** Opening The input block **

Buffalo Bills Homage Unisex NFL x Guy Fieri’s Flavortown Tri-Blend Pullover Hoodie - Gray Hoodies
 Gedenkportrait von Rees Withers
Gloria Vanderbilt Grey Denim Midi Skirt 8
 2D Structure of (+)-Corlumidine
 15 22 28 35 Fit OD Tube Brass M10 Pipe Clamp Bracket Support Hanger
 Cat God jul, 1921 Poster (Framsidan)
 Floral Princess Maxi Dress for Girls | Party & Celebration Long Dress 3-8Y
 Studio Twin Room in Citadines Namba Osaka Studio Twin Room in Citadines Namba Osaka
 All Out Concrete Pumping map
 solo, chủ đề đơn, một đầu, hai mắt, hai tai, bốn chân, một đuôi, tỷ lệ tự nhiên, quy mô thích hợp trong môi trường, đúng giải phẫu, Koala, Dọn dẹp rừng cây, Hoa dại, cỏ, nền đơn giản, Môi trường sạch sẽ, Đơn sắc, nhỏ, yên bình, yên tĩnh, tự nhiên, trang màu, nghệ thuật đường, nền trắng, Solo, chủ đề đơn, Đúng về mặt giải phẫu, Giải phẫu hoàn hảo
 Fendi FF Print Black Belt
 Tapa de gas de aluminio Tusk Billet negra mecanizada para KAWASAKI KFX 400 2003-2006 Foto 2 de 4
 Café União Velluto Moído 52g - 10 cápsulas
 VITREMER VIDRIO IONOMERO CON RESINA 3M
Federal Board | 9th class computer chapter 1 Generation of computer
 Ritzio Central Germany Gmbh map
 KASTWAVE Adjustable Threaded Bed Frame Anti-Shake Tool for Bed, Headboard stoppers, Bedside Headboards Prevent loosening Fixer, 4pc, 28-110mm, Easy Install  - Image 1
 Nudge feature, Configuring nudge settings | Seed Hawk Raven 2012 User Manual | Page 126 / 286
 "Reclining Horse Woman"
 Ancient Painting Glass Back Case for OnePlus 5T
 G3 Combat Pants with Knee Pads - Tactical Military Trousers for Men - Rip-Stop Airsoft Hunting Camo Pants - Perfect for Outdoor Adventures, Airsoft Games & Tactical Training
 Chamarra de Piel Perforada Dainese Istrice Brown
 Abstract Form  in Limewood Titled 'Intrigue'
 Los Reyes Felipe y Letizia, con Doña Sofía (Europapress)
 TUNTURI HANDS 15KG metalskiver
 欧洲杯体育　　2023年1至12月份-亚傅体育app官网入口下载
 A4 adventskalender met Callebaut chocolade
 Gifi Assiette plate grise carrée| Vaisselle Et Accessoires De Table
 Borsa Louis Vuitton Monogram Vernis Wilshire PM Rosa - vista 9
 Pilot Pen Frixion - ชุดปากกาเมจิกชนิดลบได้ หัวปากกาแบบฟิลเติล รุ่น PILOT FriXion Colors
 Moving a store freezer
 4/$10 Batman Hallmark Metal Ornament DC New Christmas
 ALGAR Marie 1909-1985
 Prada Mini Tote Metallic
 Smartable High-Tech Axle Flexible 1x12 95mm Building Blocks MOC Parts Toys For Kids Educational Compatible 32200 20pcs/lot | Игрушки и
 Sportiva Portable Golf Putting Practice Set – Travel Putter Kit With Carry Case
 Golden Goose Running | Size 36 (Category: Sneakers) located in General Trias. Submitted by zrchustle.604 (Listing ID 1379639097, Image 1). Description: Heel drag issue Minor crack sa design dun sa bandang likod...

** Closing The input block **

Work to be completed
Across the entries, work out how many lines hold the word "Case". Reply with that number only.

Answer for the task
2